If this keeps on being the sole contribution internationalists like you have to the discussion, Palestinian and Palestinian-sympathizing workers in the US (and all over, really) will keep on joining this kind stuntism and serving Stalinist/Leninist/substitutionalist interests.

And I don't need you to preach to me about Hamas and Hezbollah, as I probably know more victims of their "freedom fighting" than you do, and distinctly remember what it was like to know that the next bus I take will be my last.

Jun 27 2010 06:02
Gurley’s account helps flesh out some of the rank-and-file ILWU-side questions that I have had, so thanks for that. I have been wondering why the workers from those two shifts didn’t stick around to participate. I still don’t know why, although I’ve been tempted to find a way to ask them directly. (I don’t know any of them.) Was it really because participating could have been in violation of their contract, or did they just not really care – or did they have misgivings - about the political issue?

This was a community picket line, a tactic that "works" when members of the community or another union set up a picket ...this must be organized separately from the ILWU. This is not about the legitimacy of the picket line, it being a secondary boycott etc ect...this is about the picket line presenting a danger to the Longshoremen. If the Longshoremen join the picket line would they look fearful of their safety for crossing the line ? Probably not. Even the radicals in local ten were not marching in the picket, they were there talking to their co-workers as they showed up for work that day.

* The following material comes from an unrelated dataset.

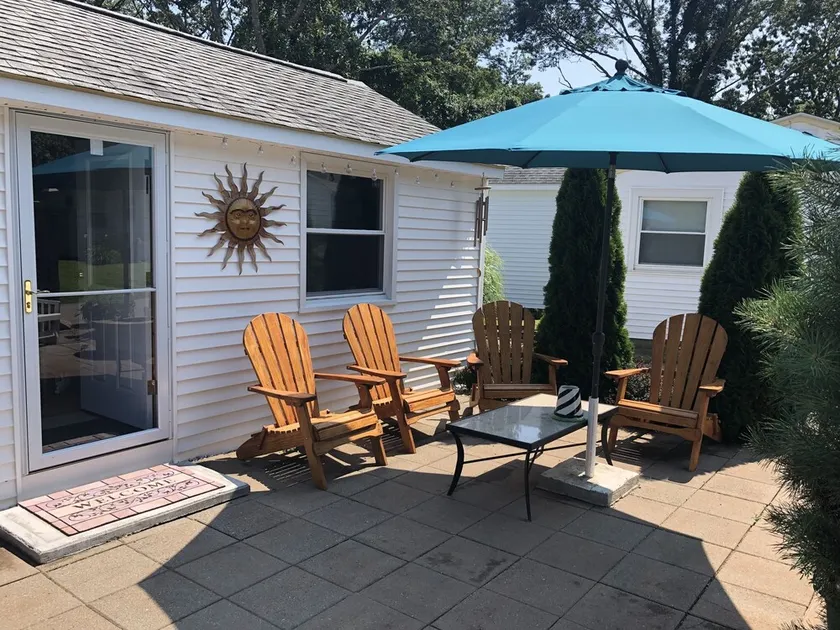 Misquamicut  Westerly Secluded Beach Cottage 2020 remodeled and upgraded. - Image 1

Them joining in would defeat the purpose of it being a "community picket" and could jeopardize the health and safety ruling from the arbitrator.


Gurley, aside from ANSWER being authoritarian pricks, how much of this was coordinated with the dockers prior to the action? I understand that flyers were posted up around the port, but did the dockers come to work expecting the picket line to be there?

And, if they'd wanted to, could the workers have crossed the picket line? Let me put it this way: after the arbitrator's ruling are workers obligated not to the cross the picket (i.e. it becomes union policy) or does it just mean that if they don't cross the picket they won't be penalized?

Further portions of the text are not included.